• [What the task asks]:
Your answer should hold exactly the lines below from the line with "Collar de Acero" through the line with "Футболка оверсайз мужская", both included, and no pictures at all.

Exercise data section start

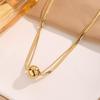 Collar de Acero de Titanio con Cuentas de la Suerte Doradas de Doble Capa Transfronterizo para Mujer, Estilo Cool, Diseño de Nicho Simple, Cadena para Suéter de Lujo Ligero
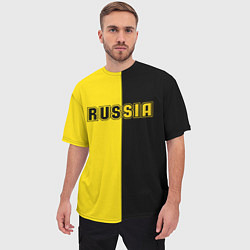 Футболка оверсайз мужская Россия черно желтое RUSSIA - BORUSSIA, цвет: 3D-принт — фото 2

Exercise data section end
Exercise data section start

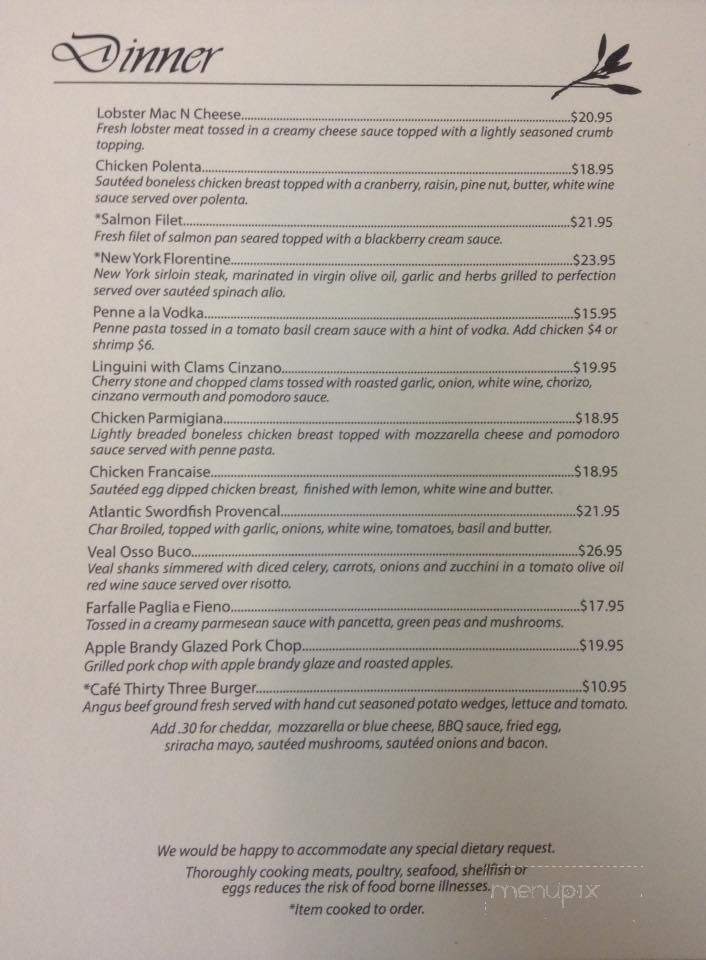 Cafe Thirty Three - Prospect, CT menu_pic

Exercise data section end
Exercise data section start

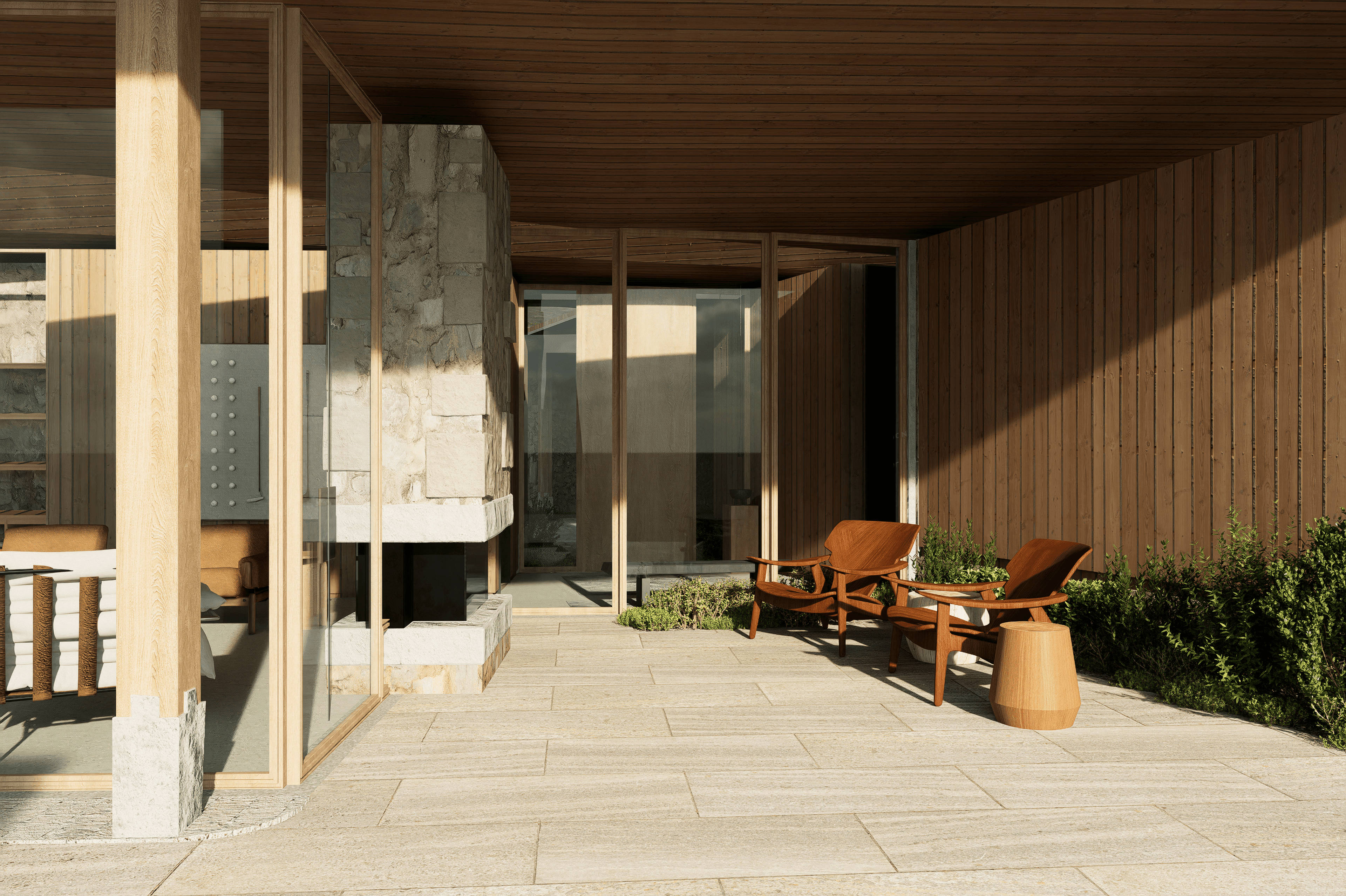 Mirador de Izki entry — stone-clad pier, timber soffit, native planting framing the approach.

Exercise data section end

• [Solution to the exercise]:
 Collar de Acero de Titanio con Cuentas de la Suerte Doradas de Doble Capa Transfronterizo para Mujer, Estilo Cool, Diseño de Nicho Simple, Cadena para Suéter de Lujo Ligero
 Футболка оверсайз мужская Россия черно желтое RUSSIA - BORUSSIA, цвет: 3D-принт — фото 2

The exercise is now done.